Viele posttraumatische OSG-Arthrosen sind auf Bandverletzungen, nicht auf Frakturen, zurückzuführen. Durch eine chronische Instabilität der lateralen Bandstrukturen entsteht eine Dysbalance, die zu einer zunehmenden Varusfehlstellung und zum Hohlfuß führt. Besonders häufig betroffen sind Fußballspieler, wie das Beispiel des ehemaligen HSV-Profis Jürgen Dringelstein zeigt.

Die operativen Möglichkeiten in der Versorgung einer klinisch symptomatischen Arthrose des oberen Sprunggelenks (OSG) wurden in den letzten Jahren deutlich erweitert. Betrachten wir die Datenlage des D.A.F. OSG-TEP-Registers stellt die Gruppe der posttraumatischen Arthrosen erwartungsgemäß den größten Anteil mit 75 Prozent. Interessant ist aber die weitere Differenzierung, denn sie zeigt, dass 50 Prozent der Patientinnen und Patienten in ihrer Anamnese keine Fraktur, sondern ligamentäre Verletzungen des OSG erlitten haben, die im weiteren Verlauf zu einer klinisch symptomatischen Arthrose führen. Der Fußballsport mit seinen Folgen nimmt auch hier eine besondere Führungsrolle ein.

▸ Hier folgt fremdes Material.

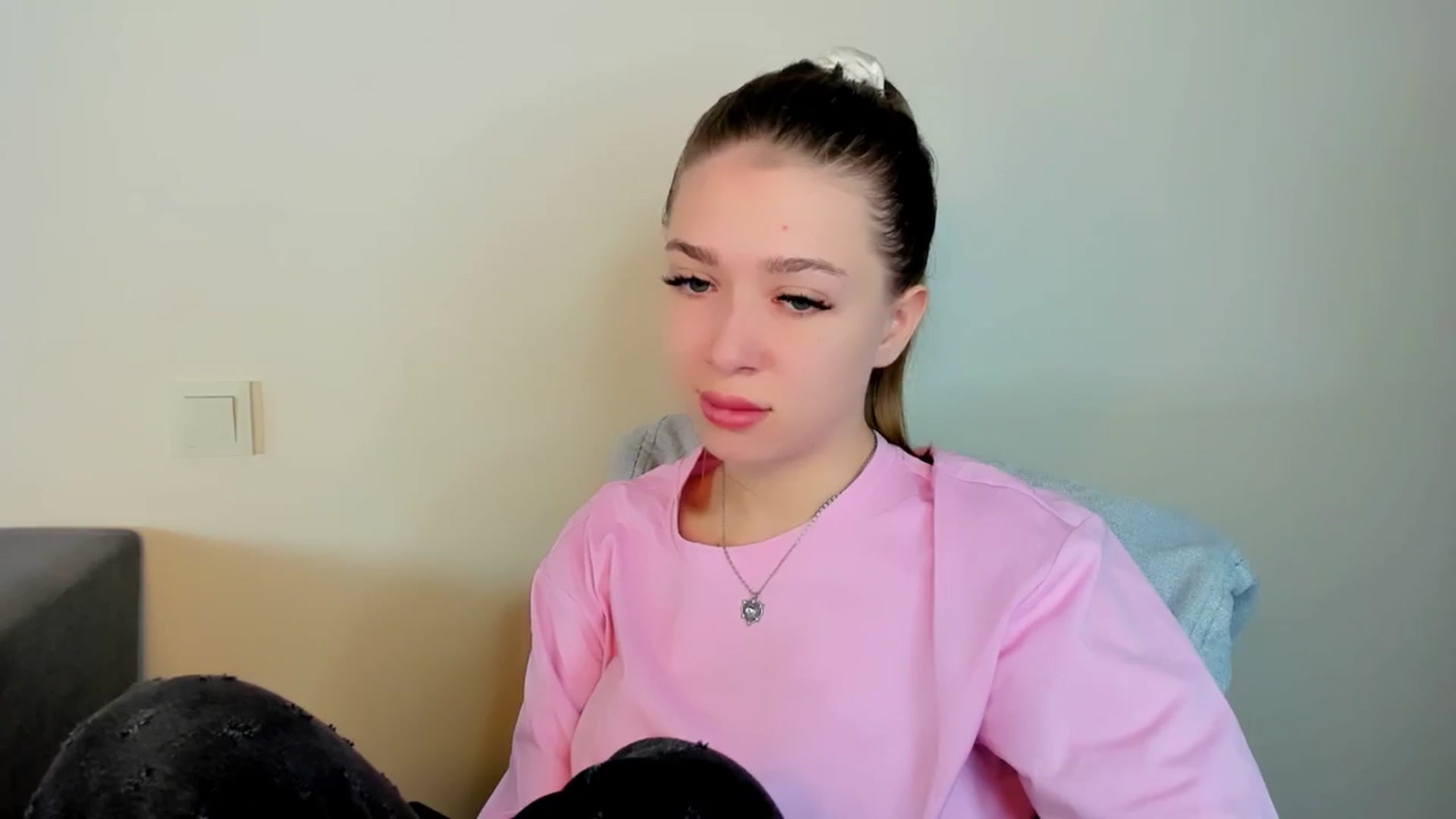 Gallery image thumbnail from LovelyElle's myfreecams stream on, 10/27/2025, 12:09 image 5 of 20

Im Rahmen von ligamentären Verletzungen kann es zu einer Dysbalance der stabilisierenden Strukturen kommen. Eine chronische Instabilität der lateralen Strukturen Lig. talofibulare anterius (LT- FA), Lig. fibulocalcaneare (LFC) und ggf. zusätzlich des Lig. fibulotalare posterius (LTFP) mit einer Verletzung des anteromedialen Deltabandkomplexes führt zu einer solchen Dysbalance. Insbesondere der M. peronaeus longus mit seiner Insertion an der Basis des Os metatarsale 1 führt zu einer vermehrten Plantarisierung des ersten Strahls und zu einer sekundären Hohlfußentwicklung. Diese zunehmende varische OSG-Fehlstellung wird über die hohe Zugkraft der Achillessehne verstärkt. Die Summation der Fehlbelastung und die Mikrotraumatisierung des Knorpels mit der Instabilität führen zur Ausbildung einer Varusarthrose, oft kombiniert mit einem Hohlfuß.

Exemplarisch zeigt der hier vorgestellte klinische Fall des ehemaligen HSV-Fußballprofis Jürgen Dringelstein diesen Verlauf.

Klinischer Befund

Infolge der zahlreichen Traumata leidet Jürgen Dringelstein nun an einer Varusarthrose, ohne jemals eine Fraktur gehabt zu haben. Klinisch fand sich der typische Befund einer massiven varischen Fehlstellung mit Hohlfuß und lateraler Instabilität (Abb. 4a,b).

Röntgen

Zur Beurteilung der Arthrose des OSG sind belastete Röntgenaufnahmen unerlässlich. Basis jeder bildgebenden Diagnostik sind konventionelle Röntgenaufnahmen des betroffenen Fußes in drei Ebenen: OSG a.-p. im Stehen (Mortise-View: 20° Innenrotation), sowie der ganze Fuß in zwei Ebenen im Stehen (streng seitlich und a.-p.)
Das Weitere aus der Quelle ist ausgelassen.